Taken from students work over the past three years, themes in this comic range from local wildlife conservation messages to the just plain crazy. Young people have fewer barriers and less reluctance to spill their thoughts onto the page, which is what comics are all about.
Ryan Jones is as out there as any alternative comic artist with his weird gag strips with strange hook-nose characters. Maddie Tait-Jamieson’s great, crazy creatures, from whales to plankton, are rendered in strong blacks and confident lines that show a real love of cartooning. Benedict Quilter’s self-parody ‘Indie Kids’ gives the whole comic an underground ‘street’ flavour.
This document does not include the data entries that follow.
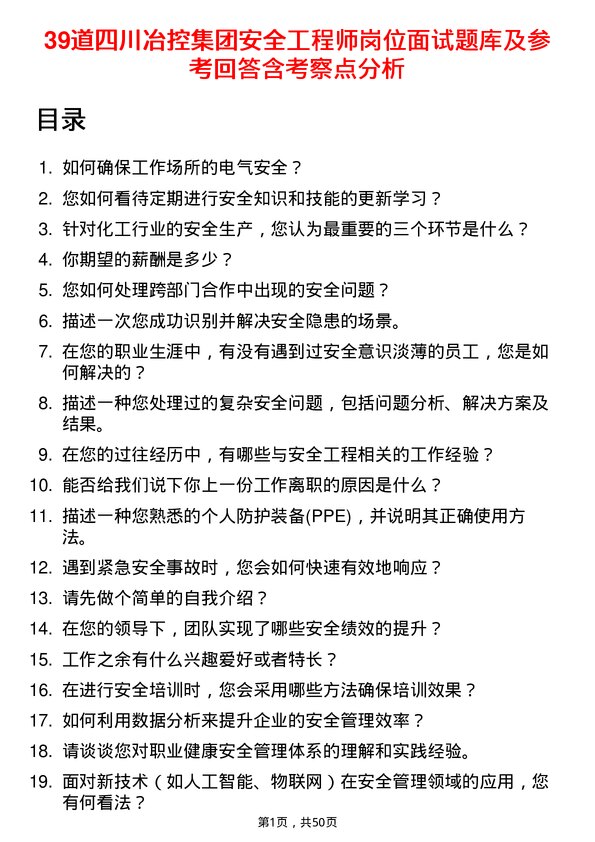 39道四川冶控集团安全工程师岗位面试题库及参考回答含考察点分析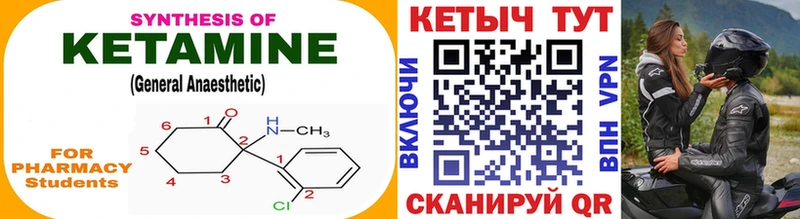 Кетамин VHQ Свирск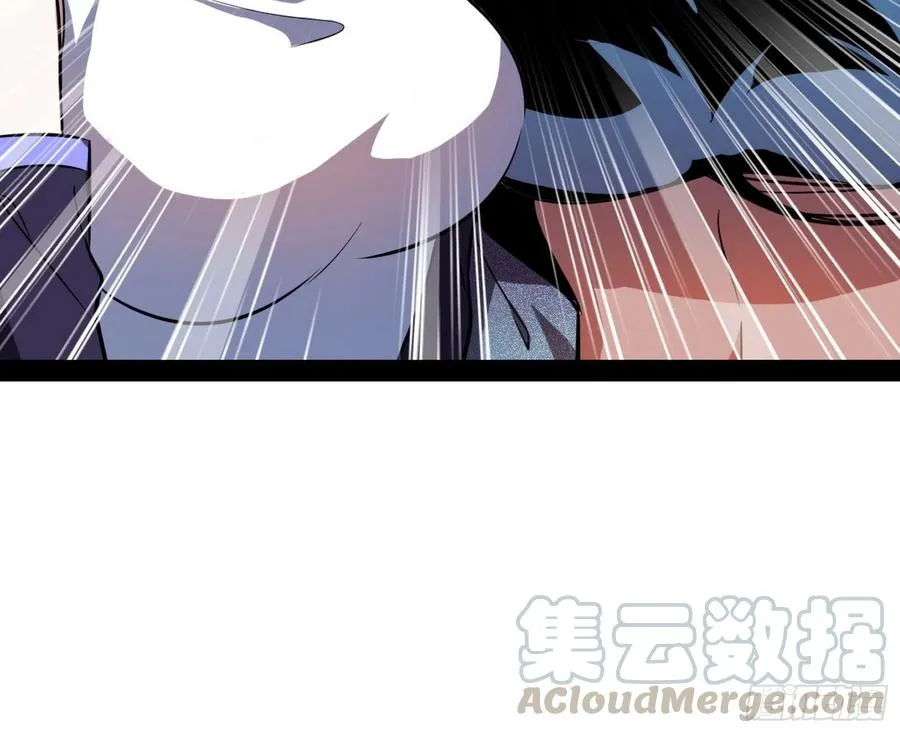天鲸+涅槃+苍龙=长生？ 第125页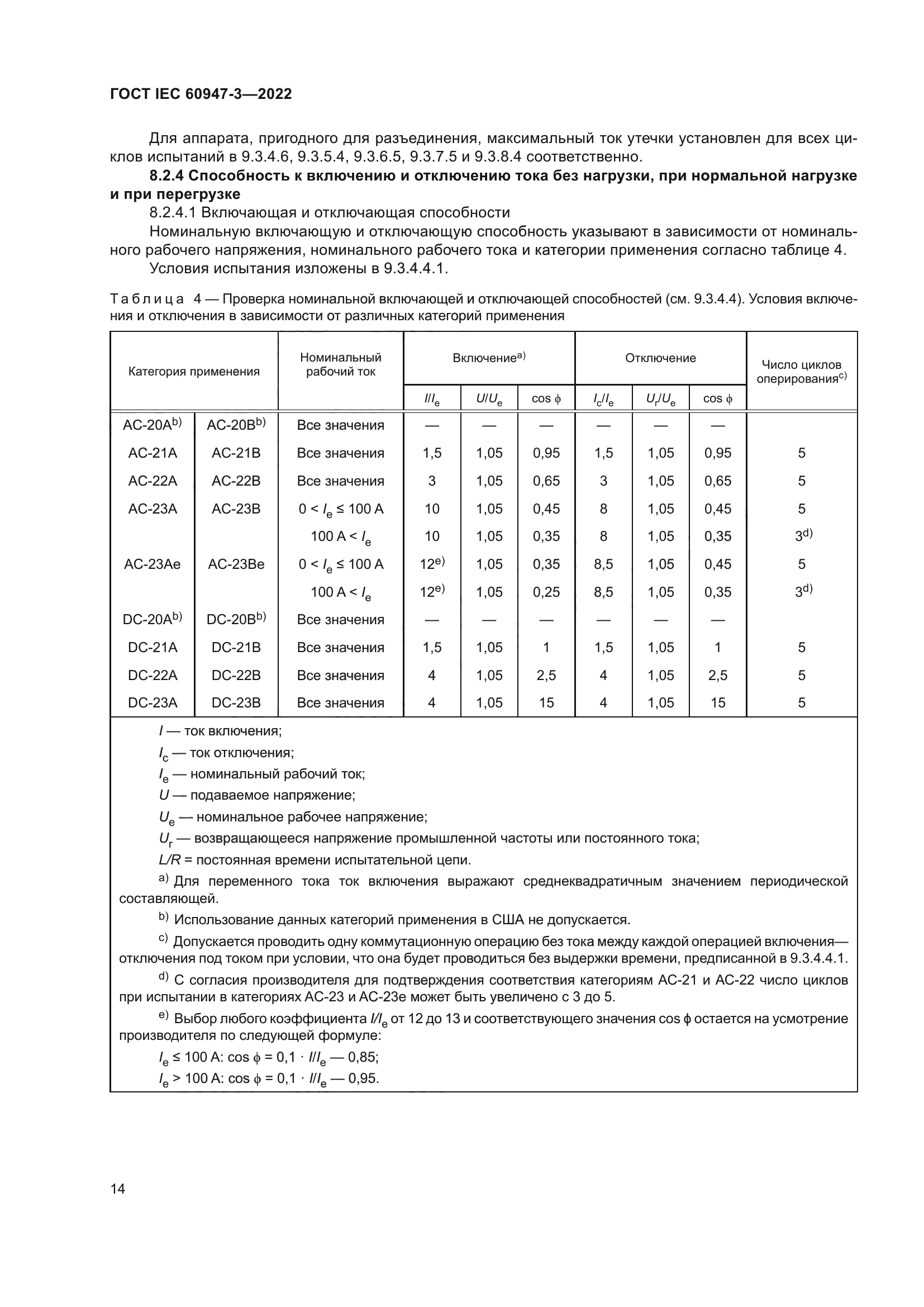 ГОСТ IEC 60947-3-2022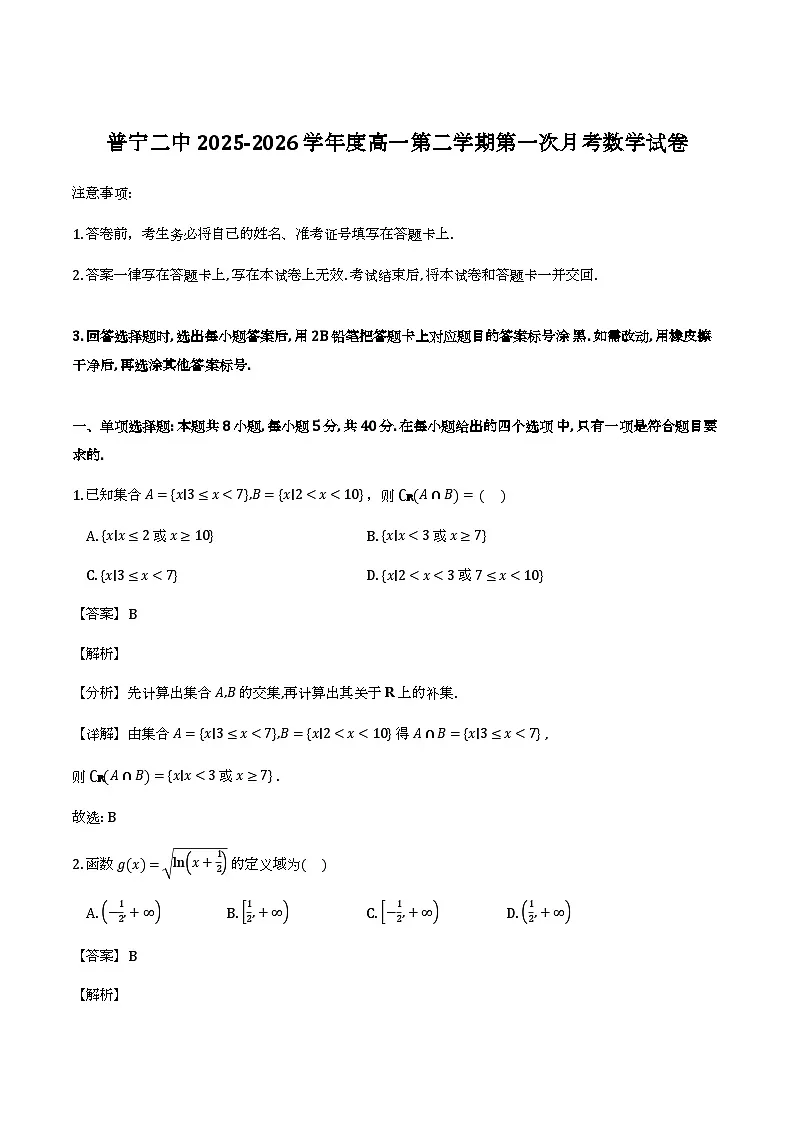 广东普宁市第二中学2025-2026学年高一下学期第一次月考_数学试题(含解析)第1页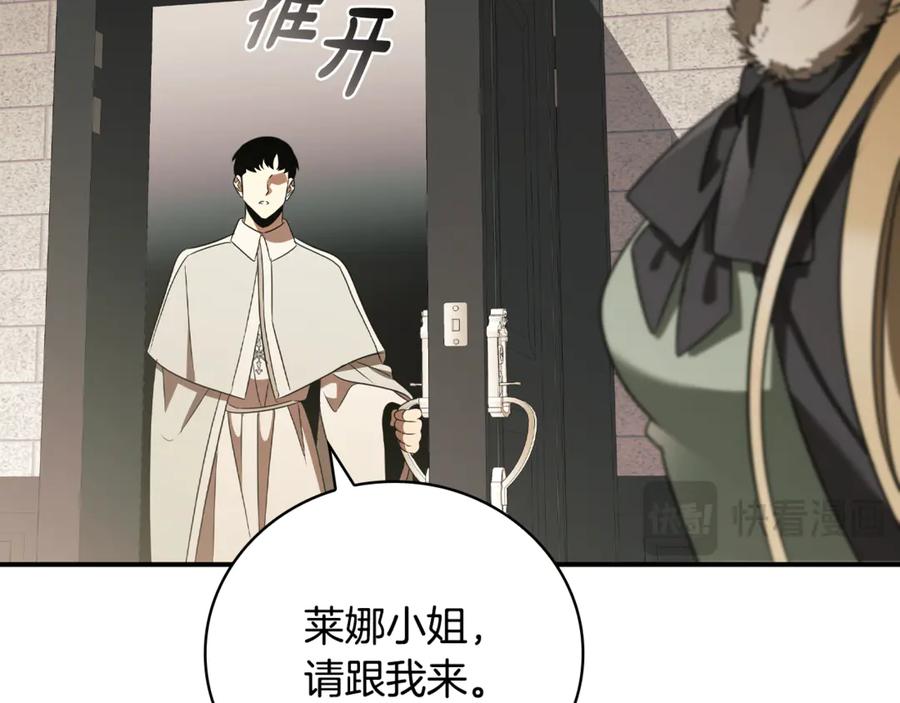 第212页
William Jelbert’s recurring character Ethan and his magical hat has all the intuitive elements of punk slapstick. These comics aren’t just for kids, even if they are by them.
Copies are available from Inverlochy (address above) or you can contact them to join Bruce’s class and draw a comic book of your own.
Here’s some examples of these nutty kids’ strips:
Click for big version
Reviewed by Tim Bollinger
The world is still big enough that there are comics that I’ve only ever heard about and never seen. I first heard about this one (and I’ve still not read it, as there is yet no English translation) from a Japanese Muslim I met in Paris in 1980. He told me of this manga that was so good that they’d turned it into a movie using only close ups of the frames from the original comic pages. The comic (and film) was ‘Ninja Bugeicho’, drawn in 1959 by an unbelievably young Sanpei Shirato for the Japanese comic rental market. The son of a wartime leftist painter, Shirato too was an artist of radical political intent, who used the theme of ninja outcasts fighting a feudal overlord as an allegory to the universal process of class struggle. The comic is a blood bath, although the artist was still in his teens. ‘Ninja Bugeicho’ was the first ninja comic to appear in Japan following the ban on traditional warrior themes in all Japanese popular culture imposed by the post-war American occupation. Shirato had his manga schooling in the kimishibai trade (see last month’s review), so his pen and brush work had the mastery of movement at an extremely young age. In the mid-1960s, Shirato founded Garo magazine which led an explosion of alternative adult comics in Japan that hasn’t let up. But in the late 60s his ninja characters became icons in the student protest opposition to the Japan-America Security Treaty, and the film that Nagisa Oshima made of his first ninja comic in 1967 was as much a radical call to arms as a piece of experimental cinema. It remains today one of the few, if somewhat indirect, ways that English speaking audiences can easily access this wonderful comic book.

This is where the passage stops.